3.1.2. Inference from RHM

RHM requires that w_ij = w_ji and $w_{i j}^{(k)} = w_{j i}^{(k)}$ for all i, j, and k. This restriction aims at avoiding the nonconsistent directional inferences based on $w_{j i}^{(k)}$ and $w_{i j}^{(k)}$ separately as HM does. We plot the posterior means ŵ₍_i,j₎ of w_ij in Figure 5 where we take v_ij = 0.1. Similar to Figures 2 and S1, true associations tend to have higher values of ŵ₍_ij₎. Setting $u_{1}^{'} = 0.2$ , we infer 22 associations with 2 false positives. Applying the criteria listed in Supplementary Material S3 [Luo and Zhao (2010)], we infer the causal network as shown in Figure 5. Compared to the network in Figure 3, RHM leads to a network with 16 true directed edges, 3 edges whose directions are undetermined, 1 reversed edge, and 2 false edges when we take $u_{1}^{'} = 0.2$ and u₃ ∈ (0.3, 0.5). If we increase the threshold $u_{1}^{'}$ to a value where there is a big jump, for example, 0.3, we will miss 1 true directed edge.
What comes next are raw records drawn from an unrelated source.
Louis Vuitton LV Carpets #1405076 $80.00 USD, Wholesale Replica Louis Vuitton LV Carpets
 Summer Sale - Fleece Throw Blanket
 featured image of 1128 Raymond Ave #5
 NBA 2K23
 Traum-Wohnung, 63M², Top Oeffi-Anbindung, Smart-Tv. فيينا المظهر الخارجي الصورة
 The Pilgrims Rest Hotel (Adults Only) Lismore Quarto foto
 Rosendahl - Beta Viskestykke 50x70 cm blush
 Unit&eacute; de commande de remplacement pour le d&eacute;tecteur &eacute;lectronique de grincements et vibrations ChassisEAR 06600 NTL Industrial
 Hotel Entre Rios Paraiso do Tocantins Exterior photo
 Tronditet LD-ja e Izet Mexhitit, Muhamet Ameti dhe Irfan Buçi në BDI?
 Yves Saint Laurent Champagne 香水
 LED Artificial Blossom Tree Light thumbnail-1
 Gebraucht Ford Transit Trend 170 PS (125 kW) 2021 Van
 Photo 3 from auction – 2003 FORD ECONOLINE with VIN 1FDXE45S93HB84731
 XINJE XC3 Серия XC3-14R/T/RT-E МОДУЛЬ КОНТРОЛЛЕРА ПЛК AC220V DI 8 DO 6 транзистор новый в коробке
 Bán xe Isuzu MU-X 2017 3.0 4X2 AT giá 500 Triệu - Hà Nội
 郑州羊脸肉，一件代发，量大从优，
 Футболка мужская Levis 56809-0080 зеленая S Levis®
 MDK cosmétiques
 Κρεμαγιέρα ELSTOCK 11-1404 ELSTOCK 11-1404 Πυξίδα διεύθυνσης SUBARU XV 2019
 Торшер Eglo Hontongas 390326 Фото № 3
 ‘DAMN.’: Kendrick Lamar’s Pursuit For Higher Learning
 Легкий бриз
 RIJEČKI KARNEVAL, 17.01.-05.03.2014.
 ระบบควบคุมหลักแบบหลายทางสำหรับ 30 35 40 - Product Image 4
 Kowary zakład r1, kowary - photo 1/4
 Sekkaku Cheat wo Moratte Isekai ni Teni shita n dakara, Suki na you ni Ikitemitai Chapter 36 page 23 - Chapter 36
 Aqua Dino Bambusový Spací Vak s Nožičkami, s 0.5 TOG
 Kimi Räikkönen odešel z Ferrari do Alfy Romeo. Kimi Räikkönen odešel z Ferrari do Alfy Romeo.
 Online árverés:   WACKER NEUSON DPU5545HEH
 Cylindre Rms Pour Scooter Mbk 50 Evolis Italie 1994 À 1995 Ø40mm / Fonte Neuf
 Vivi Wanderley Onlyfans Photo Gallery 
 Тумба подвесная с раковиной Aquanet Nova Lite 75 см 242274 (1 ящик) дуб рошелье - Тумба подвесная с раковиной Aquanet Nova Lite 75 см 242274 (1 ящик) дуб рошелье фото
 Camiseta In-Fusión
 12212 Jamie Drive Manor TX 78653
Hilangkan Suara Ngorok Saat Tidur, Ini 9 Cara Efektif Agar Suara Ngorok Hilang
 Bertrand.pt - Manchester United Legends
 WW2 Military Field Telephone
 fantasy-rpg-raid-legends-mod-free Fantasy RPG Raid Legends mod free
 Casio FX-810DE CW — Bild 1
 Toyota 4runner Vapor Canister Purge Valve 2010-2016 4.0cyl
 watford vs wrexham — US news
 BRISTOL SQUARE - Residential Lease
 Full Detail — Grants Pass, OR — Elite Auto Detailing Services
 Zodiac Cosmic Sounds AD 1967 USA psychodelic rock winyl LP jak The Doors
Fig. 5 — Inference from RHM with *v_ij* = 0.1 on the simulated data with constant $σ_{i}^{I}$ . Left: posterior means ŵ₍*_i,j*₎ of *w_ij*, sorted in increasing order. Right: inferred networks with $u_{1}^{'} = 0.2$ , u₃ ∈ (0.3, 0.5). Solid arrowed lines represent correctly inferred true edges, dashed thick lines with labels “u” represent edges whose directions cannot be determined from the simulations, dashed arrowed thin lines with labels “r” represent reversed edges, and dotted lines with labels “+” represent false positive edges.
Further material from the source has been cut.